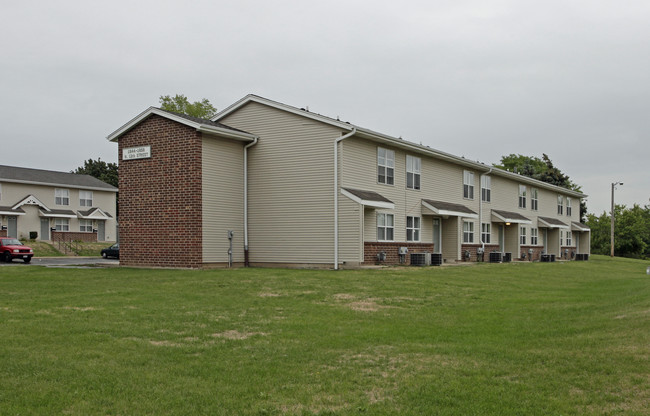 Waico Apartments in Milwaukee, WI - Foto de edificio - Building Photo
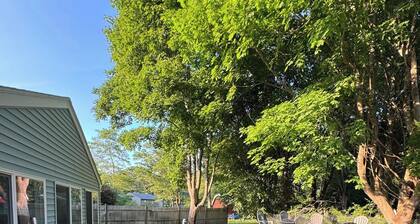 3-bedroom cape house in South Yarmouth. Available February and April Vacation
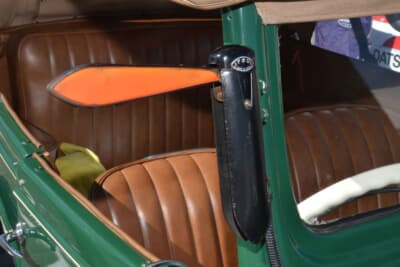 ダットサン フェートン：ウインカーはアポロ方式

--- --- ---

* **WHAT THE TASK ASKS**
When an image appears in the data, skip it and output the rest exactly.

* **RESPONSE TO THIS EXERCISE**
 Waico Apartments in Milwaukee, WI - Foto de edificio - Building Photo
 3-bedroom cape house in South Yarmouth. Available February and April Vacation
 ダットサン フェートン：ウインカーはアポロ方式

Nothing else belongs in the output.